*** Records for this task Section Begins ***

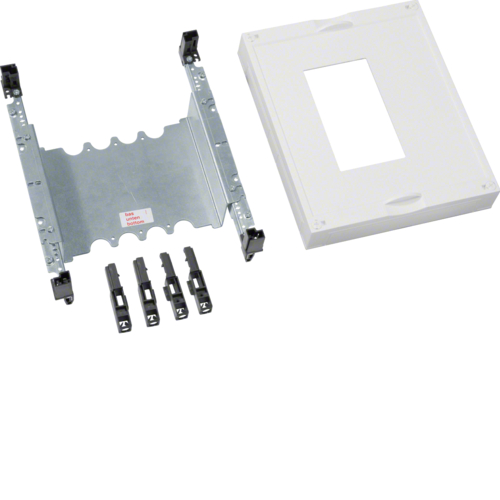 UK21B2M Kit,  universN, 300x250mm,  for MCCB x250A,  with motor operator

*** Records for this task Section Ends ***
*** Records for this task Section Begins ***

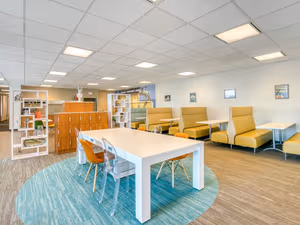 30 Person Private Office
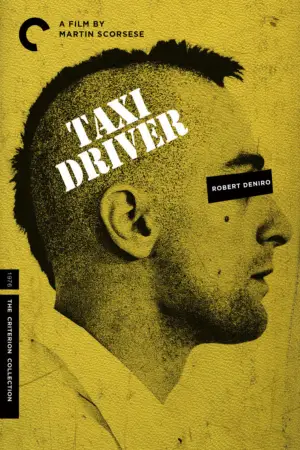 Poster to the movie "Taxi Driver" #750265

*** Records for this task Section Ends ***

• Exercise: Using the data above, return the lines from the one holding "30 Person Private Office" through the one holding "Poster to the" exactly, but not the pictures.

• Exercise response:
 30 Person Private Office
 Poster to the movie "Taxi Driver" #750265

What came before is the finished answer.